Would you please copy each line below that includes the string "Calfskin"?

Records drawn from a dataset:
* * * * * * * * *
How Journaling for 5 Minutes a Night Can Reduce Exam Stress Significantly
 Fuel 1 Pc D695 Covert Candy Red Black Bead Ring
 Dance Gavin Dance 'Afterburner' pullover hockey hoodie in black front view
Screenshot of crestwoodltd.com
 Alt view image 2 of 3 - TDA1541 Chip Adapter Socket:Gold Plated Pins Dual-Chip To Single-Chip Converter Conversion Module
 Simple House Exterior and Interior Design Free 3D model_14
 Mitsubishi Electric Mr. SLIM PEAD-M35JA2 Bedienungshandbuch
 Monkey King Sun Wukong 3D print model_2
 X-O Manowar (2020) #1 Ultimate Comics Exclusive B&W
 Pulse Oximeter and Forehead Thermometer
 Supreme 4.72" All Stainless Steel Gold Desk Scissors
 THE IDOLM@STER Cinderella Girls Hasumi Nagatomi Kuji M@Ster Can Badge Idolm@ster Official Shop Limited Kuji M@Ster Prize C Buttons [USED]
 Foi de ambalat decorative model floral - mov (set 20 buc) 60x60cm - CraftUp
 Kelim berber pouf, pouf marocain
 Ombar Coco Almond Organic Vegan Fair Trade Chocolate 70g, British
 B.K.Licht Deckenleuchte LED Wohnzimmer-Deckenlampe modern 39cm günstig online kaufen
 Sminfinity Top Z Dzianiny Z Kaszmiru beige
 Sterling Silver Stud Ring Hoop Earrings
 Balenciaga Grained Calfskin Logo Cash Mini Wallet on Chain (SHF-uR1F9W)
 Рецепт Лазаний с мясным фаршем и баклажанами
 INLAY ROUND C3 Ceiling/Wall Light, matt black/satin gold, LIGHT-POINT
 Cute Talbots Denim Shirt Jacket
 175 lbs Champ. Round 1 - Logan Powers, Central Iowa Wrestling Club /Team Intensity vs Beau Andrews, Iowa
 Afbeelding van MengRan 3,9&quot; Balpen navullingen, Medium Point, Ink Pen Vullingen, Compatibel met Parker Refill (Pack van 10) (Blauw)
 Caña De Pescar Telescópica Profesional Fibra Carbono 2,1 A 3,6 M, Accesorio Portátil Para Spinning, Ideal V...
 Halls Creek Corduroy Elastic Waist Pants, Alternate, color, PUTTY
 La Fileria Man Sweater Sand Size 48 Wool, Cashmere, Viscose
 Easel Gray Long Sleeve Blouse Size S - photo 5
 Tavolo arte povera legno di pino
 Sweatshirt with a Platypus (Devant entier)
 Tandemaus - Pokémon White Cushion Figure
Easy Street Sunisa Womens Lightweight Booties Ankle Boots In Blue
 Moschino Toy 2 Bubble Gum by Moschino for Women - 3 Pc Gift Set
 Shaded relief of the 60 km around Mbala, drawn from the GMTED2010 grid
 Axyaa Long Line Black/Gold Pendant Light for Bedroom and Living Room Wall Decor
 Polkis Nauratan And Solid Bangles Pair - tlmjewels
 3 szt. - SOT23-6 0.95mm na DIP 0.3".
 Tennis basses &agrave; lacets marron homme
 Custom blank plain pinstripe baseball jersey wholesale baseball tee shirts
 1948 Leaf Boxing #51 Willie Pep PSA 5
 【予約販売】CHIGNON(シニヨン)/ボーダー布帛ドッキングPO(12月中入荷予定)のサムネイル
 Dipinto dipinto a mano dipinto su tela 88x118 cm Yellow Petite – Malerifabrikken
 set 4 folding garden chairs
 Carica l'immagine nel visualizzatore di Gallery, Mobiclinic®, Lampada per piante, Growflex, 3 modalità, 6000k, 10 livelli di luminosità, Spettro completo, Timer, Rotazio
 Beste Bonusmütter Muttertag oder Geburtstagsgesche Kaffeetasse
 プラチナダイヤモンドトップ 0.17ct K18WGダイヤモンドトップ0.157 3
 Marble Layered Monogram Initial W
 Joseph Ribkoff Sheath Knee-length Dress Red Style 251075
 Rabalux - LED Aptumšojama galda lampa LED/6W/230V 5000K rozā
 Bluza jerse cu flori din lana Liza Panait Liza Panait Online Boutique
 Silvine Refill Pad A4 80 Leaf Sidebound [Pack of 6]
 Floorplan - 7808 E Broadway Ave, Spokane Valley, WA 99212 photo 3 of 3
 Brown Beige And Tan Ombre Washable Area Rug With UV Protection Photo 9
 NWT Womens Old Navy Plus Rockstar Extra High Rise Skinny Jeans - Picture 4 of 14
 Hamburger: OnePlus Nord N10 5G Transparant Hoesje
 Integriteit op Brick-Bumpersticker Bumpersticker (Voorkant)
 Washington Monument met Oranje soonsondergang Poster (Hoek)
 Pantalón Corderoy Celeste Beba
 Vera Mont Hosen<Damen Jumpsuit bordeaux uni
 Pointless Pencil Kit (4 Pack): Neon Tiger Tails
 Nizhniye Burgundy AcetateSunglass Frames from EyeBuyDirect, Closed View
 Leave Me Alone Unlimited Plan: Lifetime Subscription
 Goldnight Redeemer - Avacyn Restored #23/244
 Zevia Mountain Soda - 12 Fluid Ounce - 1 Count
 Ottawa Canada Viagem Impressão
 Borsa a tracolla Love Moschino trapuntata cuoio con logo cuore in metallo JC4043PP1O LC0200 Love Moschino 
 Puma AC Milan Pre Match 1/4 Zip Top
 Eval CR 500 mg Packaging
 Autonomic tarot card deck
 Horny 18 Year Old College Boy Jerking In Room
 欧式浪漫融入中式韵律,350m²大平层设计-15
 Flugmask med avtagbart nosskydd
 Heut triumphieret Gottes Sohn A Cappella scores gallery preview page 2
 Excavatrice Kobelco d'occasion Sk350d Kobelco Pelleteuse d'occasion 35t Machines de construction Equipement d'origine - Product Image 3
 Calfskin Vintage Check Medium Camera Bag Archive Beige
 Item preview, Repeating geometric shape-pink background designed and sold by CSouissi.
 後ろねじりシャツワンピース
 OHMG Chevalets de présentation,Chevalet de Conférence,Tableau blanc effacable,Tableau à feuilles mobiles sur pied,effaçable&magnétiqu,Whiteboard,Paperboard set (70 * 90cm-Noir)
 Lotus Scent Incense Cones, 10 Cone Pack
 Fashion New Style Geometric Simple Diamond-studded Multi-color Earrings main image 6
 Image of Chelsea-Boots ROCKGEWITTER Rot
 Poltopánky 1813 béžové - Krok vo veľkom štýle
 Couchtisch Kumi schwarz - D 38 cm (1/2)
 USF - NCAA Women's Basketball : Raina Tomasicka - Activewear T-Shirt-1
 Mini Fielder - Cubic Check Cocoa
* * * * * * * * *
TASK RESPONSE:
 Balenciaga Grained Calfskin Logo Cash Mini Wallet on Chain (SHF-uR1F9W)
 Calfskin Vintage Check Medium Camera Bag Archive Beige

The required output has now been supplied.